CU Exec: Cut Fees Members See as Penalties
Stacy Armijo of Amplify CU says CFPB action against BoA is a sign credit unions should save their efforts for things members want.
A credit union executive in Texas said she thinks the CFPB’s action against Bank of America for practices involving “junk fees” is another sign that credit unions don’t need to waste their time defending fees their members don’t want.
On July 11 the CFPB ordered the $2.4 trillion Bank of America to pay back $100 million to customers for practices that included what the CFPB described as “a double-dipping scheme to harvest junk fees.”
CFPB said its investigation found that Bank of America double-dipped by allowing $35 non-sufficient funds (NSF) fees to be repeatedly charged for the same transaction, generating “substantial additional revenue” over several years.
Stacy Armijo, chief experience officer for Amplify Credit Union of Austin, Texas ($1.5 billion in assets, 57,286 members), said credit unions should pay attention because it’s a strong indicator of how the CFPB feels about bank fees in general.
“While credit union fees may not be illegal, the CFPB has been clear anything that smells like ‘junk fees’ will inspire additional scrutiny and potential action, which means time, effort, expense and risk for credit unions,” she said.
But regardless of the CFPB’s view, Armijo said credit unions ought to cut junk fees because they’re unpopular with consumers.
“The industry calls them ‘services,’ but in customers’ eyes, they’re penalties, and they have the most detrimental impact on those who can least afford it,” she said. “That doesn’t live up to what we preach as ‘the credit union difference’ or ‘people helping people.’”
NAFCU and CUNA have both previously stated objections to the CFPB’s and President Joe Biden’s use of the term “junk fees,” saying it lumps in credit unions with practices used by some banks and payday lenders.
Amplify announced in February 2023 that it was eliminating all banking fees — including overdraft fees, account maintenance fees and wire transfer fees. In the first 12 months it said it saved members $2 million.
Revenue Impact of Dropping Fees
Dropping fees is expensive. A CU Times analysis of NCUA data showed Amplify and six other credit unions that cut fees last year took a bigger hit to profitability than most credit unions in the first quarter.

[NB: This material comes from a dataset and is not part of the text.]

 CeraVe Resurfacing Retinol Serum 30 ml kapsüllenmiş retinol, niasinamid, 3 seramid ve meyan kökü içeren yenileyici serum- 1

The seven credit unions charged 20 cents in fees per member in the first quarter, down from $7.95 a year earlier. Among all credit unions, fees per member were 22 cents in the first quarter, down from $17.62 a year earlier.
The fee-cutting credit unions generated first-quarter profits that were just an annualized 0.39% of average assets, down from 1.14% a year earlier. ROA was 0.81% for all credit unions, down from 0.87% a year earlier.
At Amplify, fees per member were 22 cents in the first quarter, down from $27.97 a year earlier. First-quarter ROA was 0.23%, down from 4.18% a year earlier.
Armijo said part of the lower ROA was the industry-wide fall in non-interest income from sales of mortgages and other loans.
Here’s how the other fee-cutters fared in the first quarter:
Advantis Credit Union in Oregon City, Ore. ($2.1 billion, 91,120 members) cut its overdraft and NSF fees from $25 to $10 per occurrence in March 2022. Fees per member were 14 cents in the first quarter, down from $13.04 a year earlier. First-quarter ROA was 0.12%, down from 0.78% a year earlier.
Affinity Credit Union in Des Moines, Iowa ($143.8 million, 13,703 members) cut ATM and debit card overdraft fees from $25 to $15 in October 2021. Fees per member were 46 cents in the first quarter, down from $16.50 a year earlier. First-quarter ROA was 1.56%, up from 0.87% a year earlier.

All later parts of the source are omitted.